Commentaire • 0
Sur la décision
| Référence : | CA Versailles, ch. soc. 4 6, 15 janv. 2026, n° 25/03436 |
|---|---|
| Juridiction : | Cour d'appel de Versailles |
| Numéro(s) : | 25/03436 |
| Importance : | Inédit |
| Décision précédente : | Cour d'appel de Versailles, 7 novembre 2024, N° 20/00414 |
| Dispositif : | Autre |
| Date de dernière mise à jour : | 24 janvier 2026 |
| Lire la décision sur le site de la juridiction |
Texte intégral
COUR D’APPEL
DE
VERSAILLES
Code nac : 80A
Chambre sociale 4-6
ARRET N°
CONTRADICTOIRE
DU 15 JANVIER 2026
N° RG 25/03436 – N° Portalis DBV3-V-B7J-XRLC
AFFAIRE :
[J] [U]
C/
S.A. [8]
Décision déférée à la cour : Requête en omission de statuer de l’arrêt rendu le 07 novembre 2024 par la Cour d’Appel de Versailles, Chambre sociale 4-6 (RG RG 22/2896) sur l’appel d’un jugement rendu le 30 Août 2022 par le Conseil de Prud’hommes -
Formation paritaire de [Localité 6]
Section : AD
N° RG : 20/00414
Copies exécutoires délivrées à :
Me Christophe MAHIEU, avocat au barreau de PARIS
Me Sébastien TO de la SCP EVODROIT, avocat au barreau de VAL D’OISE
Copies certifiées conformes délivrées à :
[J] [U]
S.A. [8]
le :
RÉPUBLIQUE FRANÇAISE
AU NOM DU PEUPLE FRANÇAIS
LE QUINZE JANVIER DEUX MILLE VINGT SIX,
La cour d’appel de Versailles, a rendu l’arrêt en omission de statuer suivant dans l’affaire entre :
Monsieur [J] [U]
né le 20 Janvier 1968 à [Localité 9] MARNIA-ALGÉRIE
de nationalité Française
[Adresse 1]
[Localité 4]
Représentant : Me Christophe MAHIEU, avocat au barreau de PARIS, vestiaire : G0780
APPELANT
DEMANDEUR A L’ARRET EN OMISSION DE STATUER DE L’ARRET RENDU LE 30 Août 2022 MINUTE N° 419
****************
S.A. [8]
N° SIRET : [N° SIREN/SIRET 2]
[Adresse 3]
[Localité 5]
Représentant : Me Sébastien TO de la SCP EVODROIT, avocat au barreau de VAL D’OISE, vestiaire : 13
INTIMEE
DEFENDEUR A L’ARRET EN OMISSION DE STATUER DE L’ARRET RENDU LE 30 Août 2022 MINUTE N° 419
****************
Composition de la cour :
En application des dispositions de l’article 462 du code de procédure civile modifiées par le décret 2010-1165 du 1er octobre 2010
la cour composée de :
Madame Nathalie COURTOIS Présidente,
Madame Tiphaine PETIT vice Présiente plaçée,
Madame Odile CRIQ Conseillère,
statuant sans audience, après en avoir délibéré, à rendu ce jour l’arrêt dont la teneur suit :
Par arrêt du 7 novembre 2024, la cour d’appel de Versailles statuait de la façon suivante :
« Confirme le jugement rendu par le conseil de prud’hommes de Boulogne Billancourt le 30 août 2022 en toutes ses dispositions, sauf en ce qu’il a débouté M.[J] [U] de sa demande de rappel de salaires et de sa demande de rappel de prime d’ancienneté et en ce qu’il a condamné M.[J] [U] aux dépens.
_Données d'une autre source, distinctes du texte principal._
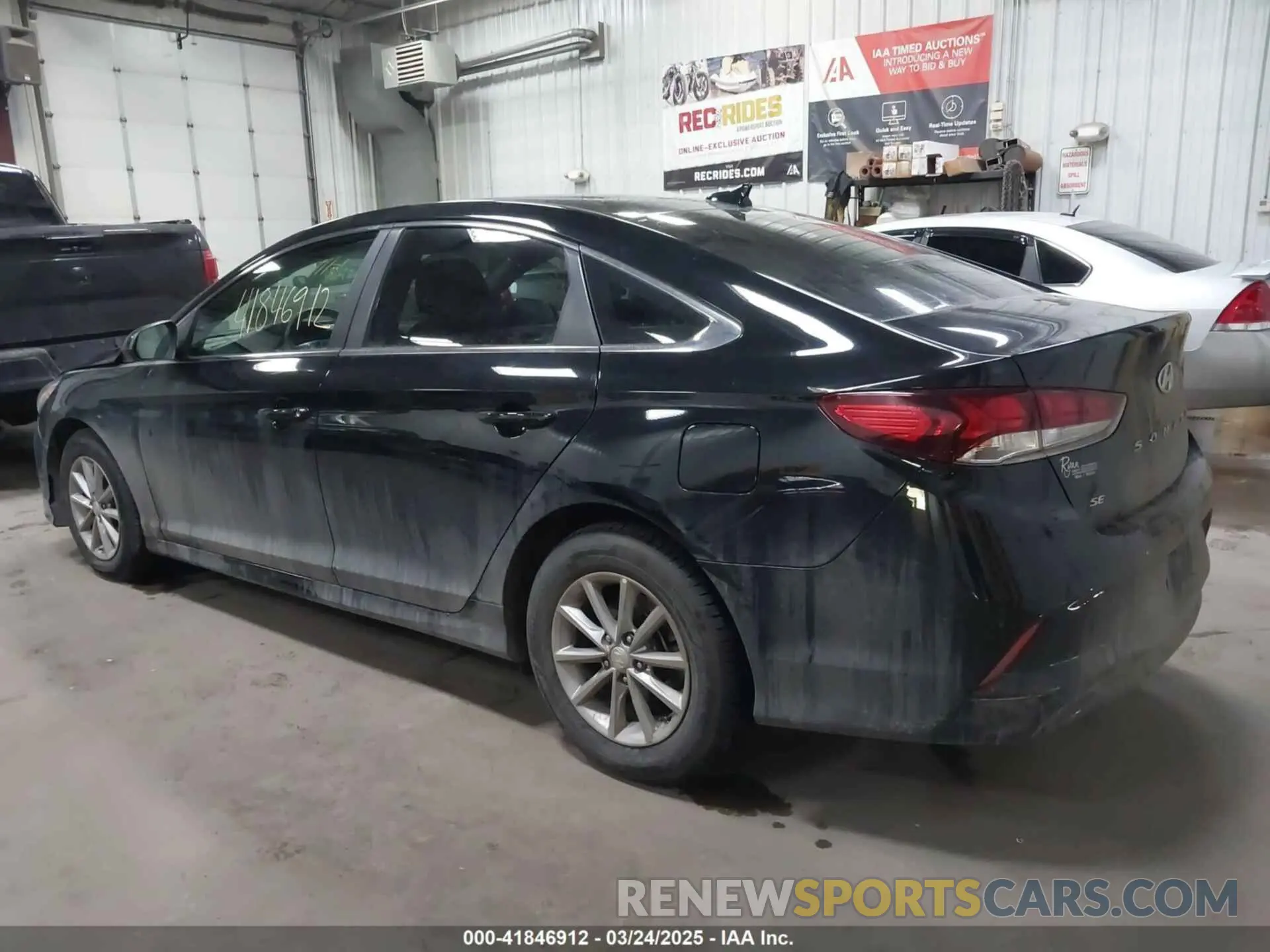 3 Photograph of a damaged car 5NPE24AF6KH741494 HYUNDAI SONATA 2019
Statuant à nouveau des chefs infirmés et y ajoutant,
Condamne la société [7] à payer à M. [J] [U] à payer les sommes suivantes :
-7 295,76 euros bruts à titre de rappel de salaire du mois de juin 2018 au mois de décembre 2019,
-503,75 euros à titre de rappel de prime d’ancienneté,
-2 000 euros en application des dispositions de l’article 700 du code de procédure civile au titre des frais irrépétibles,
Rappelle que les créances de nature salariale porteront intérêt à compter de la réception par l’employeur de la convocation devant le conseil de prud’hommes, pour les créances salariales échues à cette date et à compter de chaque échéance devenue exigible, s’agissant des échéances postérieures à cette date, alors que les créances indemnitaires porteront intérêt au taux légal à compter de la décision qui les ordonne,
Ordonne la capitalisation des intérêts,
Condamne la société [7] aux entiers dépens. ".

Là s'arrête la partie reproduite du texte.